▶ _Problem requirements_: Reproduce the data exactly and drop any pictures it holds.

▶ _Source data_:
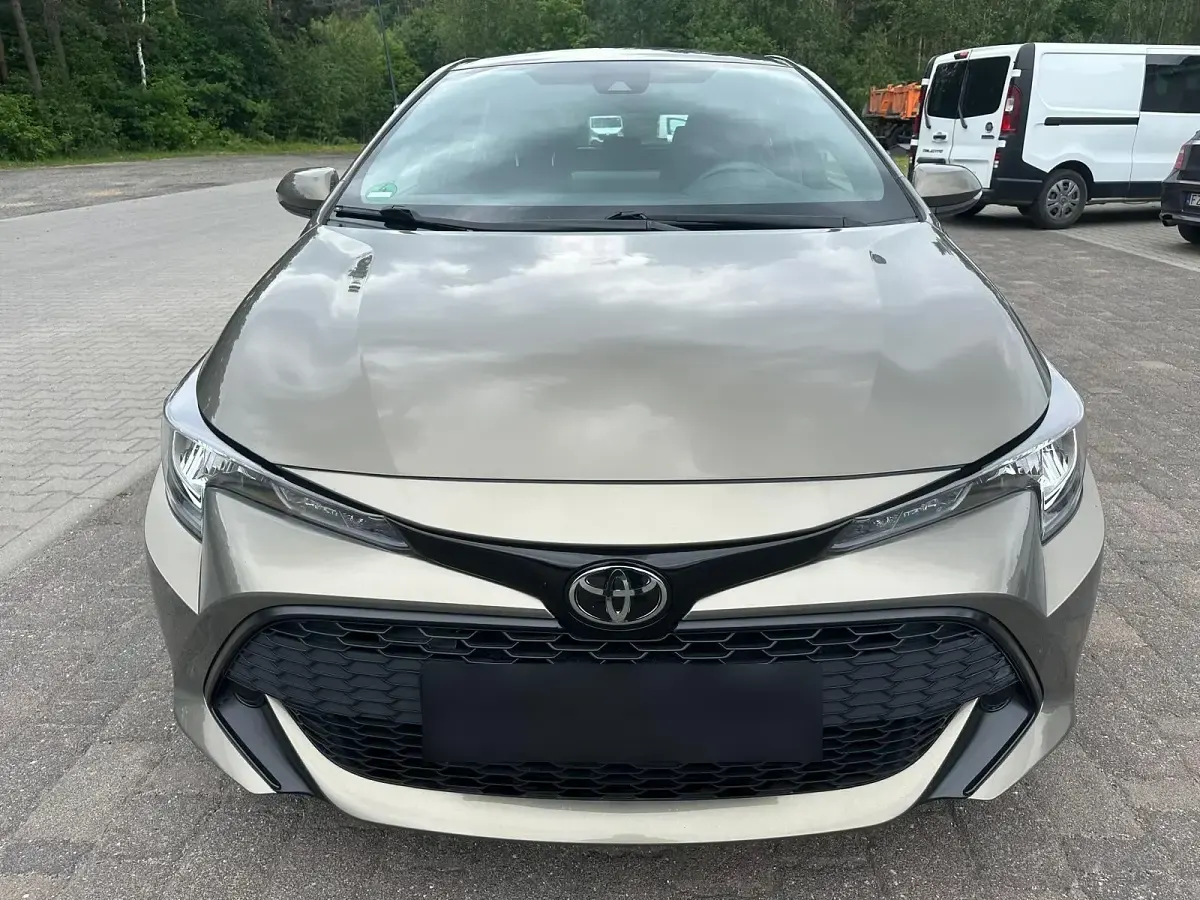 Używany Toyota Corolla 116 KM (85 kW) 2019 Hatchback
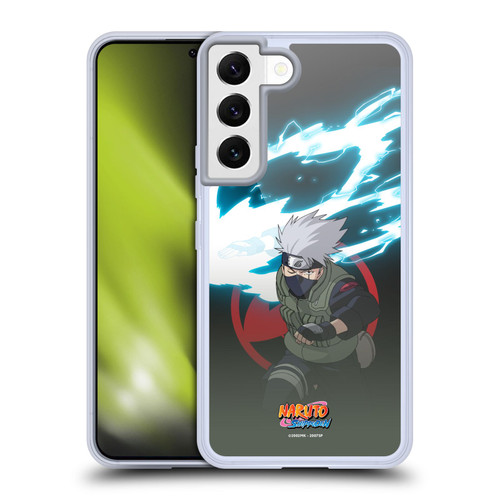 Naruto Shippuden Character Art Kakashi Hatake Soft Gel Case for Samsung Galaxy S22 5G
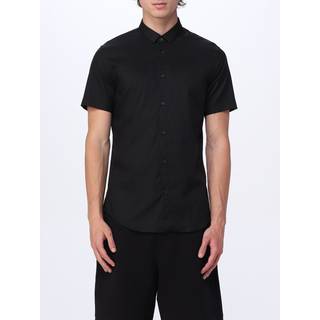 Armani Exchange Short Sleeved Shirt Black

▶ _Written answer_:
 Używany Toyota Corolla 116 KM (85 kW) 2019 Hatchback
 Naruto Shippuden Character Art Kakashi Hatake Soft Gel Case for Samsung Galaxy S22 5G
 Armani Exchange Short Sleeved Shirt Black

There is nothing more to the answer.